Skipping all pictures, print exactly the lines below from the one with "Let's do contact" through the final line.

=== Section Start ===

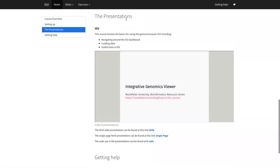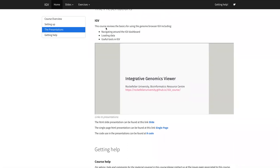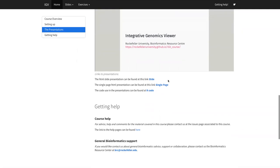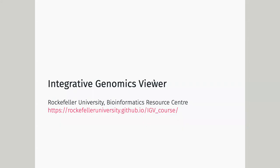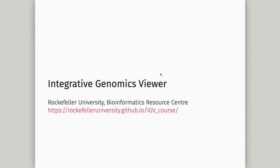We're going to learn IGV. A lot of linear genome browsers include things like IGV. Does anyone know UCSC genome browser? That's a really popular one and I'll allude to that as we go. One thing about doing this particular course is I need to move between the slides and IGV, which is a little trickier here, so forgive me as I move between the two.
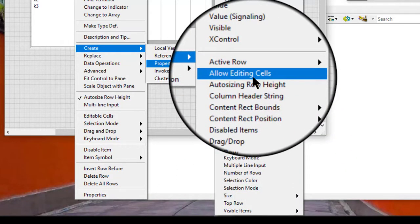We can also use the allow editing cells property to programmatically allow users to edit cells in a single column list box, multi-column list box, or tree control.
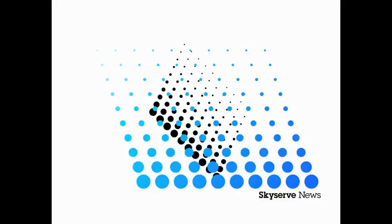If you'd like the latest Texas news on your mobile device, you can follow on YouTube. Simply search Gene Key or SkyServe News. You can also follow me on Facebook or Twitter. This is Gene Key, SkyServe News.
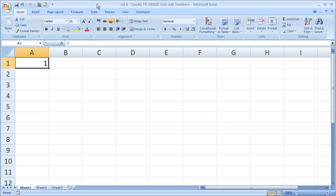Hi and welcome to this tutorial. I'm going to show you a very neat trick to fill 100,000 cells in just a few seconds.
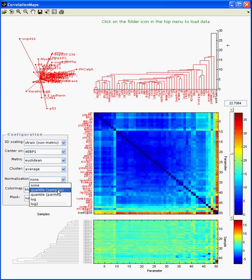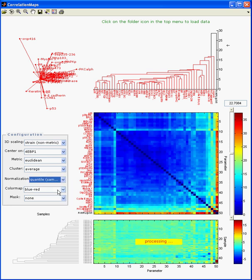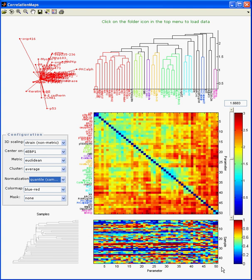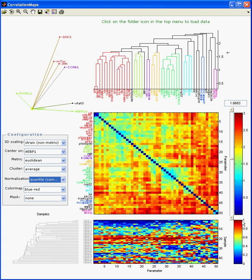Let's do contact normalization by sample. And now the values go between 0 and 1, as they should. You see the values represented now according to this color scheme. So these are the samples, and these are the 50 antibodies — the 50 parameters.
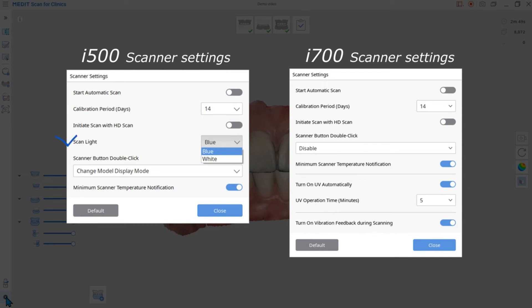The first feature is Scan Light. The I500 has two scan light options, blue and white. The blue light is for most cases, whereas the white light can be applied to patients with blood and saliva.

=== Section End ===

*OUTPUT BELOW:*
Let's do contact normalization by sample. And now the values go between 0 and 1, as they should. You see the values represented now according to this color scheme. So these are the samples, and these are the 50 antibodies — the 50 parameters.
The first feature is Scan Light. The I500 has two scan light options, blue and white. The blue light is for most cases, whereas the white light can be applied to patients with blood and saliva.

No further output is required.